Beste Voraussetzungen, wettbewerbsfähige Kosten für den Kunden zu generieren, liegen jedoch nicht in einem ruinösen Preisdumping, der nicht kostendeckend ist. Unter gegebenen Rahmenbedingungen liegt der Schlüssel zum Erfolg vielmehr in der Verkürzung der Strecken zum Zielort – herstellende Unternehmen der Dünger-, Salze-, Splitter- und Schotterindustrie haben in der Regel nämlich ihren eigenen Gleisanschluss genauso wie zentrale Umschlagplätze. Bei der Versorgung der Abnehmer haben dann letztlich regionale Eisenbahnen verstärkte Marktchancen für die Durchführung von Schienentransporten, denn sie sind vor Ort.

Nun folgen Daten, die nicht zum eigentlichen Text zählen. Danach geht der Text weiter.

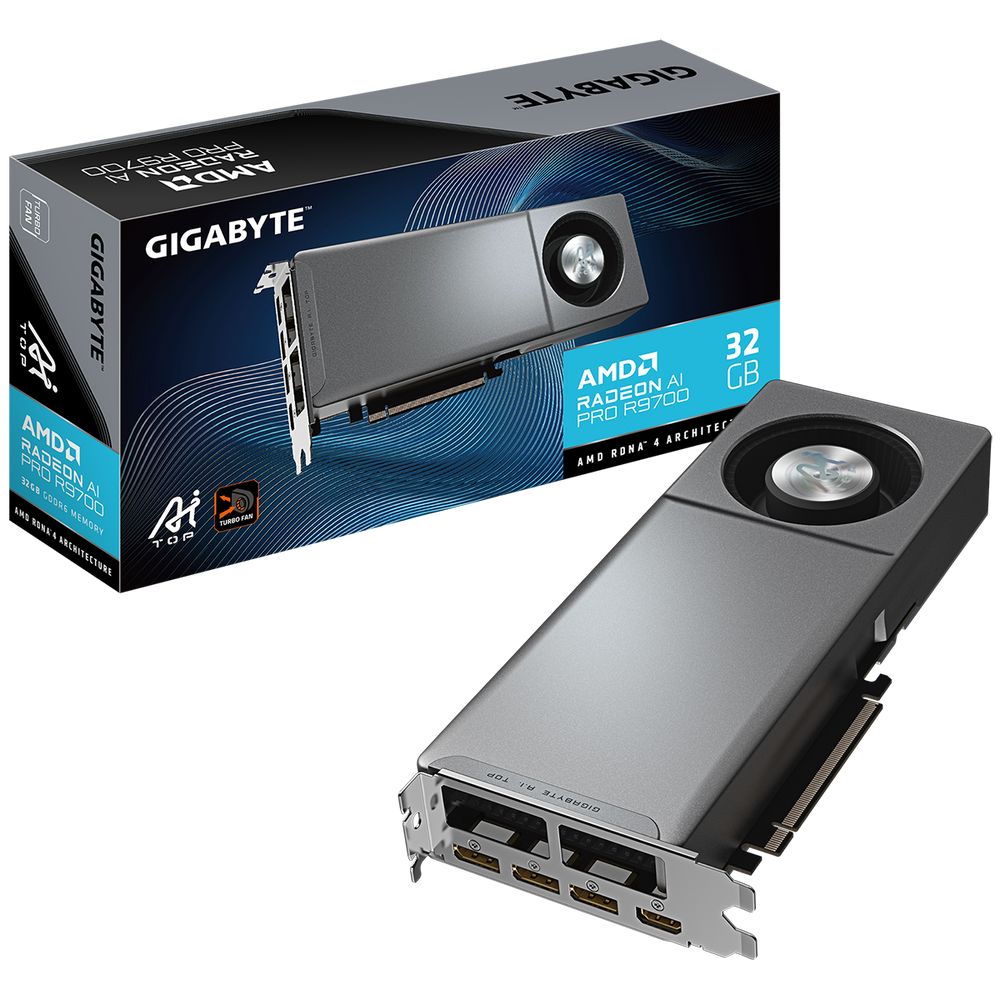Видеокарта Gigabyte Bad Pack AI PRO R9700 AI TOP 32GB GDDR6 256bit 3xDP HDMI BLOWER RTL bp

Der Übergabebahnhof Bohmte der VLO bietet beispielweise hinreichende Flächen, um tausende Tonnen Schüttgut umzuschlagen, was die VLO auch seit vielen Jahren erfolgreich praktiziert. Doch hohe Investitionen in neue Entladetechnik mit der Rundumerneuerung der Schüttbunker und Muldenförder wollte man nicht tätigen. Dies obwohl die bestehende Waggonentladung deutlich in die Jahre gekommen war, sodass sie grundlegend erneuert werden musste. Es sollte vielmehr etwas schlankeres sein, das deutlich weniger Investitionskosten mit sich bringt und damit auch die Kosten für die Serviceleistung Entladung drückt. Auch sollte es eine Lösung sein, die man bei Bedarf auch flexibel an anderen Standorten einsetzen kann, sollte sich der optimale Entladepunkt einmal verändern.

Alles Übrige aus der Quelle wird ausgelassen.